These days you can’t buy a nice full size pickup loaded with all the gadgets unless it has wheels 20 inches or larger. In order to get into the cab of the truck, especially if you have a short 5’2″ Mom like I do, you have to add running boards. That solves one problem. It made it easier for me to get into the truck also, but we won’t tell Mom. I told her that I had them installed just for her.
The second problem comes the first time you try to crawl into the bed of the truck. As one who had back surgery and a knee replacement, crawling up into the back of the truck to unload a load of bagged gardening products was exhausting and painful after the first up and down, especially if the ole “Arthur” is acting up.
Three years ago I drove my sales rep crazy looking for something to help me, and he referred me to an accessory shop that the dealer uses. They had stopped carrying one that mounted in the tailgate as they had so much trouble with breakage, and showed me a ladder that mounted to the inside of the tailgate and folds out and down to the ground. I recently noticed one of GRIT’s advertisers selling one that mounts into the hitch receiver and runs parallel to the bumper.

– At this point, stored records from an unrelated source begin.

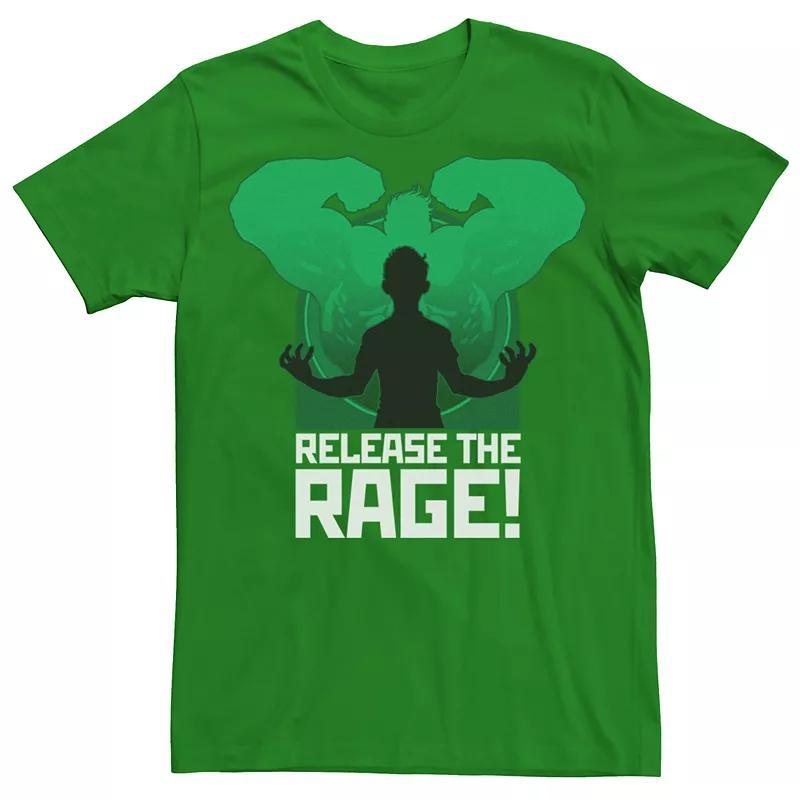 Men's Marvel The Incredible Hulk "Release the Rage" Graphic Tee, Size: XXL, Kelly Product Image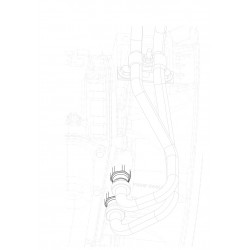 W0012579  -  Adapter - Transmission Cooling Line (Straight, STC)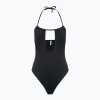 Dámske jednodielne plavky Calvin Klein KW0KW02725 Plunge - RP black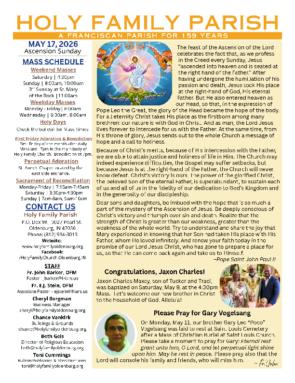 The Ascension of the Lord<br>May 17, 2026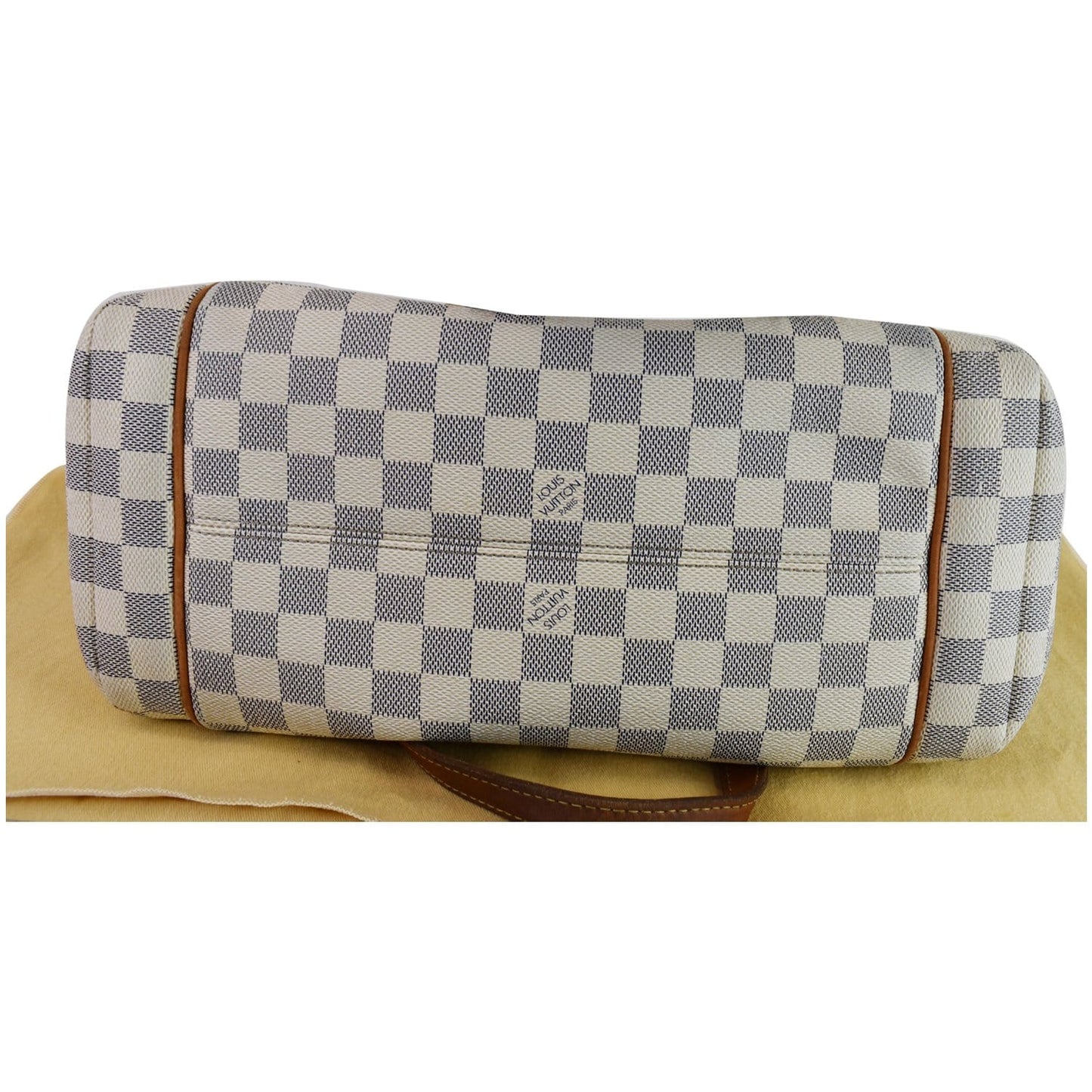 LOUIS VUITTON Totally MM Damier Azur Shoulder Bag White
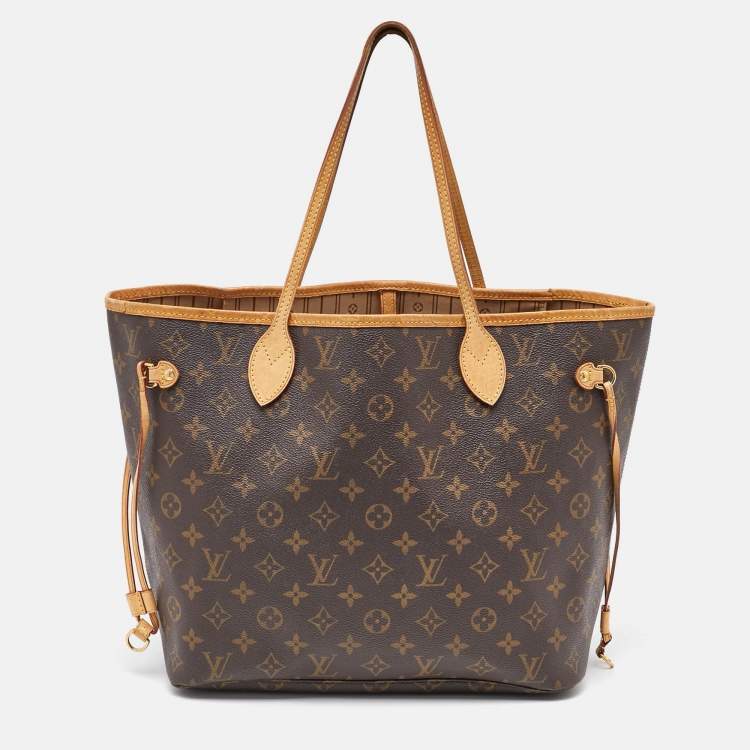 Pre Owned Louis Vuitton Monogram Canvas Neverfull MM Bag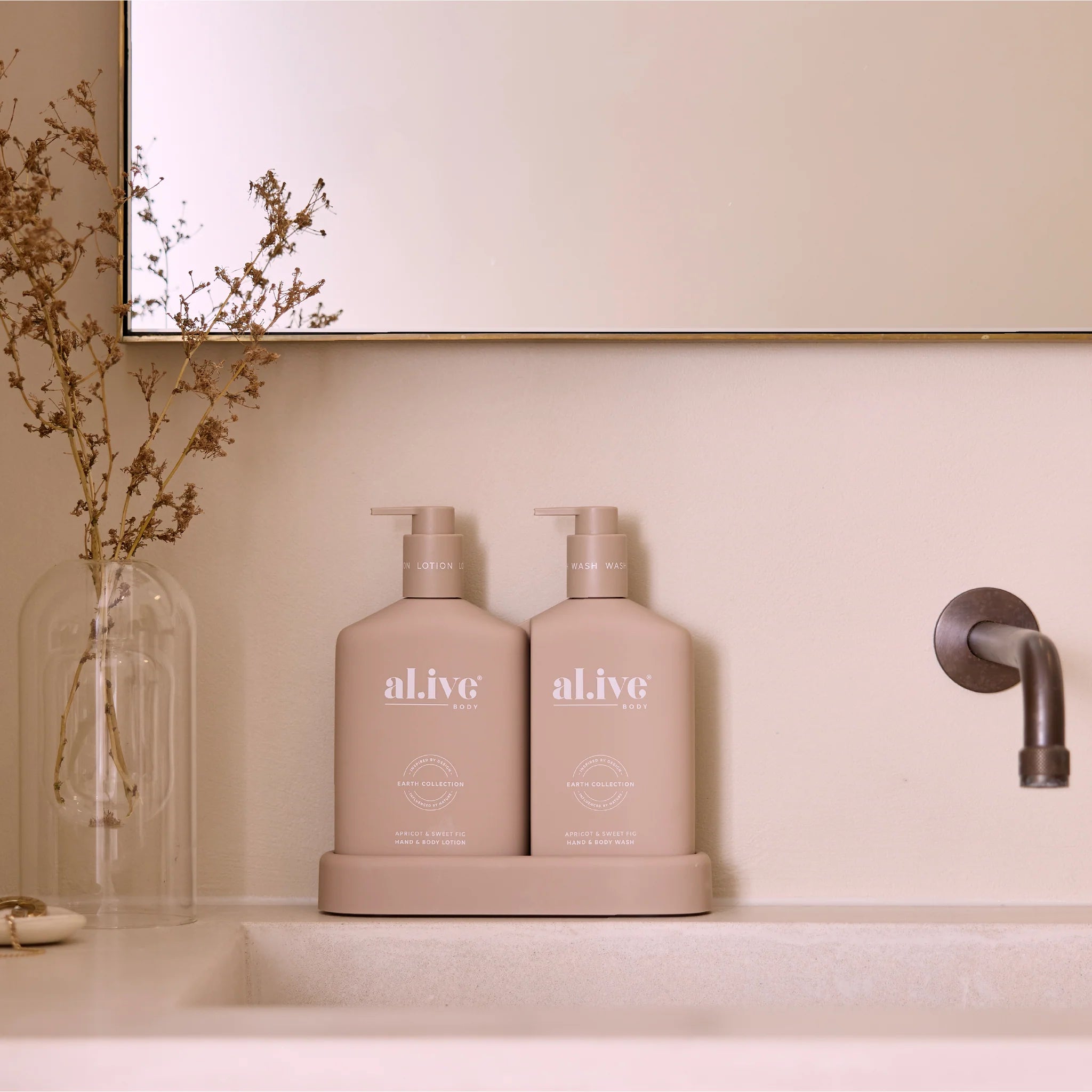 a.live Body - Wash & Lotion Duo Apricot & Sweet Fig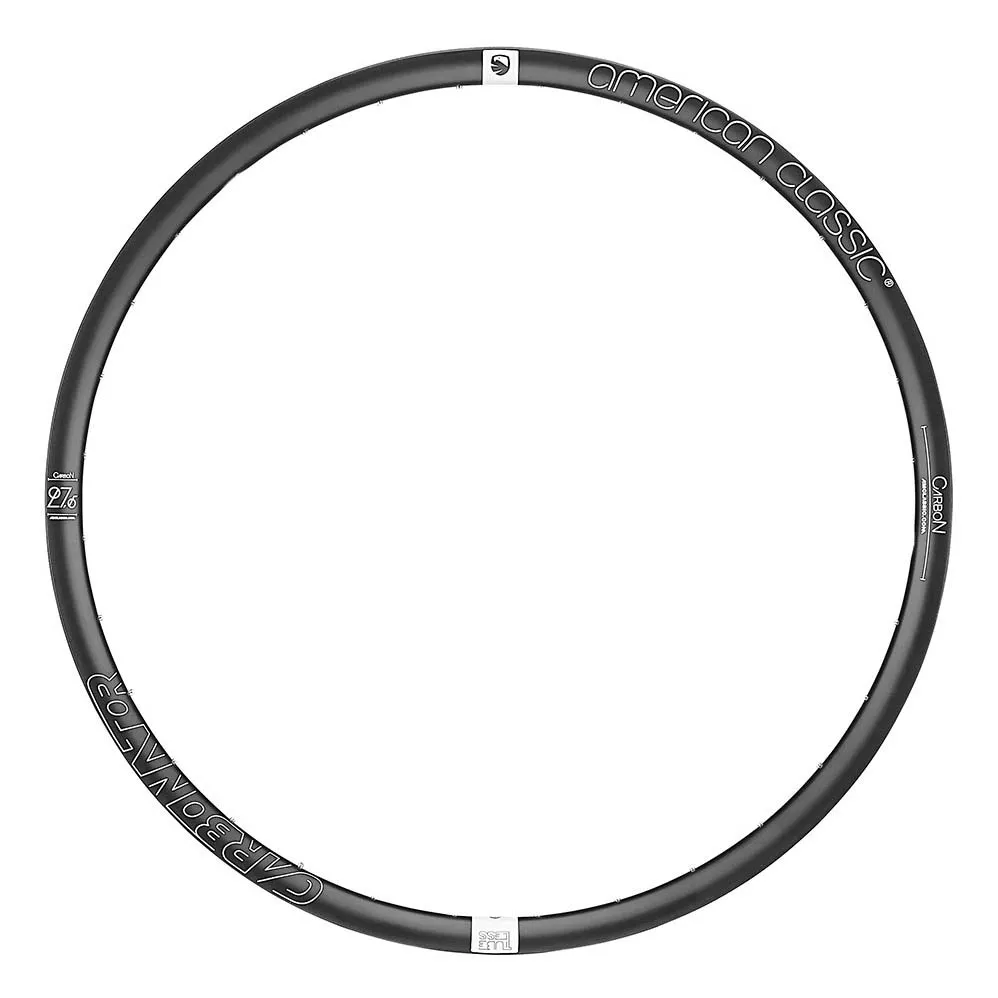 American Classic Carbonator 27.5 Fälg, Black, 650B - 27.5" 3 American Classic Carbonator 27.5 Fälg, Black, 650B - 27.5" 3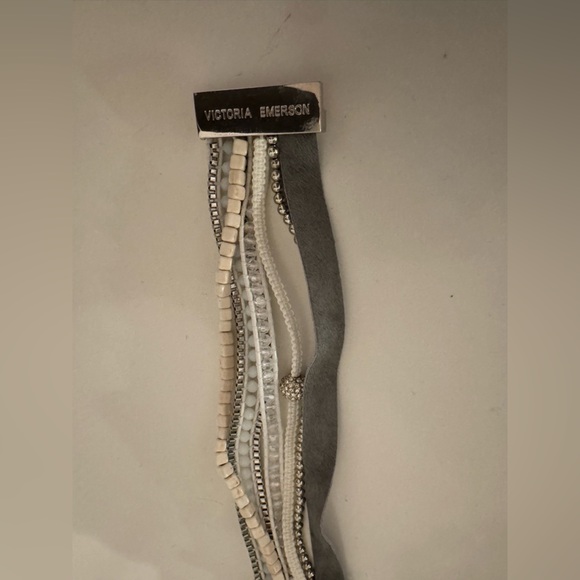 Victoria Emerson White and Silver Bracelet Set - Picture 5 of 5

Life is much easier now that I don’t have to do broad jumps. The ladder did create another small problem, well two. If you drive down the road with your tailgate down, nice people are yelling at you at stop lights that you are about to loose something out of the back of your truck. The second problem is when you get a load of bagged goods, the loaders are trying to move the ladder out of the way.
Blackie checking out things.
On the hooligan front, I have a problem with Patches breaking jail again. She’s the one who constantly tests the fence to see if it is working. She has it figured out just how close she can get once she gets the vibration warning before getting shocked. I tied her up while changing batteries in her collar. I check it after replacing the battery and it still didn’t work. My attention turned to the connections as they are the first area of problems with an underground fence. One connection at the bottom of the property was in standing water. I cut a section out and redid the connection with an exterior wire nut, and it still didn’t work. When I first installed the fence, the wire was a small multi-stranded wire that corroded easily and was easily broken by critters such as the groundhog living in the nearby dry creek. I replaced a problem section hit by lightening and chewed by the groundhog with a newer solid strand wire, and it looks like it may be time to replace the rest. Going through the zoysia in the front yard will be a chore as the old wire will need to come up before the new goes in. If the new fence is near an old section, it cancels out the radio signal to the collars. Pulling up the rest down the property line between Mom’s house and mine should be easy with all the rain we had. Down in the lower forty, I’ll just dig a trench with my middle buster a few feet in.
We’ve been getting a lot of rain. Even 0.24 inches just sits on top of the saturated ground. Last summer 0.24 inches of rain would have quickly soaked in, and the ground would still be cracked. I might need to stock the garden with catfish this year.